OKU TIMUR, TRIBUNEPOS — Aroma dugaan upaya penutupan kasus penyelidikan dugaan korupsi dana hibah Pilkada KPU OKU Timur senilai Rp39,8 miliar oleh Kejaksaan mulai terasa terang-terangan.
Sejumlah media yang sempat menayangkan berita soal penyelidikan Kejaksaan Negeri (Kejari) OKU Timur atas dana jumbo tersebut, diketahui sudah menurunkan atau menghapus artikelnya dari situs berita.
Setidaknya, ada tiga media yang sebelumnya mempublikasikan laporan penyelidikan Kejari OKU Timur terhadap dugaan penyimpangan dana hibah Pilkada 2024. Namun kini, tautan berita itu berubah menjadi “404 Not Found”.
Isu yang beredar menyebut, permintaan untuk menurunkan berita datang disertai janji sejumlah uang. Belum jelas apakah janji itu terealisasi, tapi faktanya berita-berita yang sempat ramai dibagikan di media sosial itu kini lenyap dari peredaran.
Sumber internal salah satu media mengungkap, pihaknya dihubungi oleh oknum yang mengaku dari KPU OKU Timur dan diminta menurunkan berita terkait penyelidikan dana hibah Rp39,8 miliar tersebut.

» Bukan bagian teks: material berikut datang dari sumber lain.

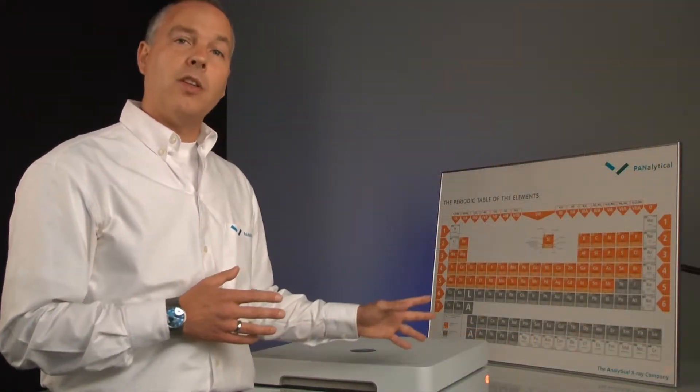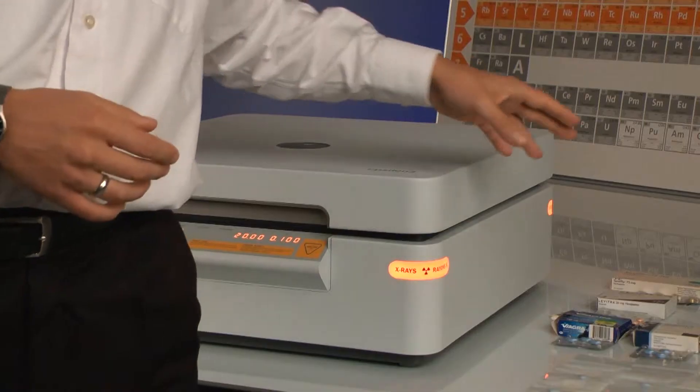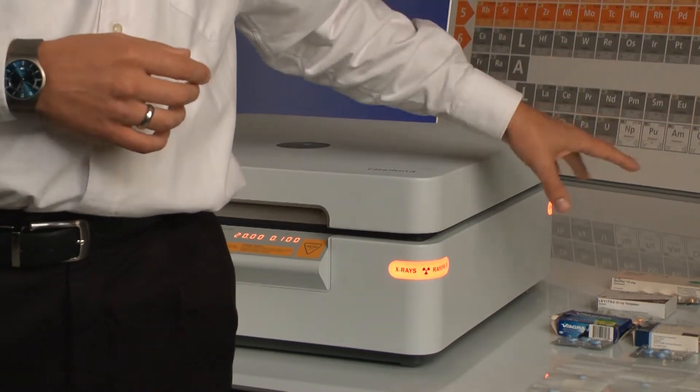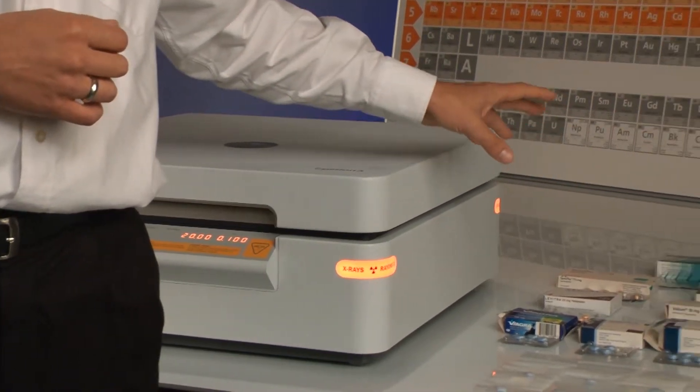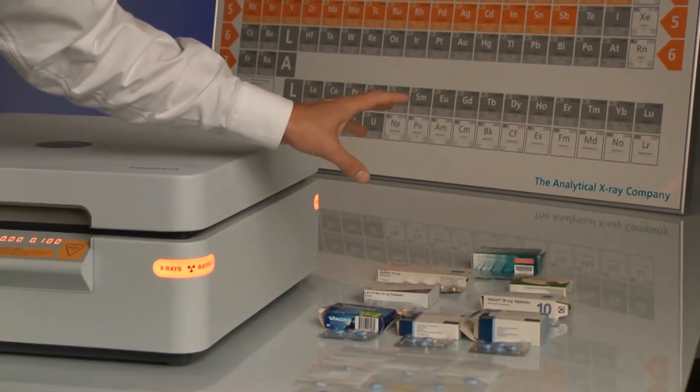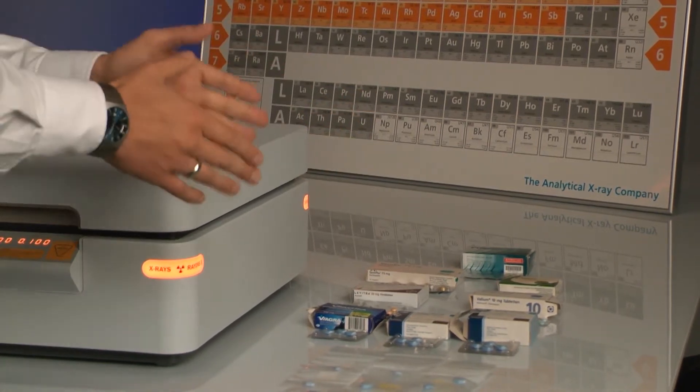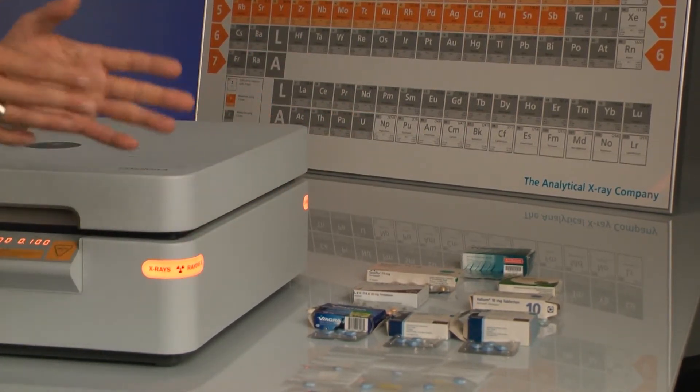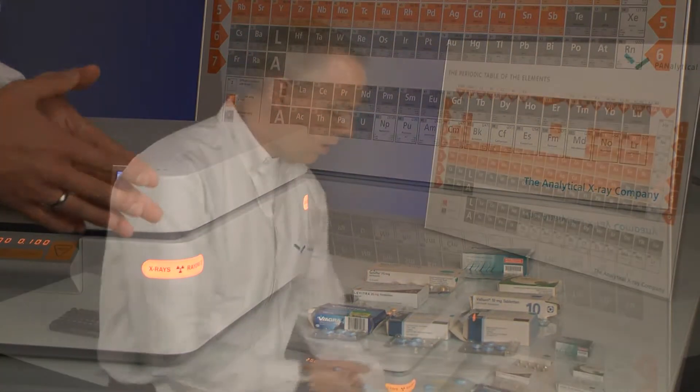Before we begin, let's have a look at the samples we're going to measure today. Here we see an array of pharmaceutical tablets. These are lifestyle drugs which are commonly counterfeited, and we also have a series of fakes that have been provided to us by government authorities.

“Kami diminta takedown. Katanya arahan dari pihak KPU,” ujar sumber tersebut, yang meminta identitasnya tidak dipublikasikan.
Namun sumber lain justru menyebut, tekanan datang bukan dari KPU melainkan dari oknum aparat penegak hukum.
“Ada dugaan permintaan takedown itu datang dari pihak Kejaksaan,” kata sumber lainnya.
Belum ada kejelasan pihak mana yang sebenarnya berada di balik manuver penghapusan berita ini. Tapi publik menilai, langkah semacam itu justru menimbulkan tanda tanya baru di tengah penyelidikan yang sedang berjalan.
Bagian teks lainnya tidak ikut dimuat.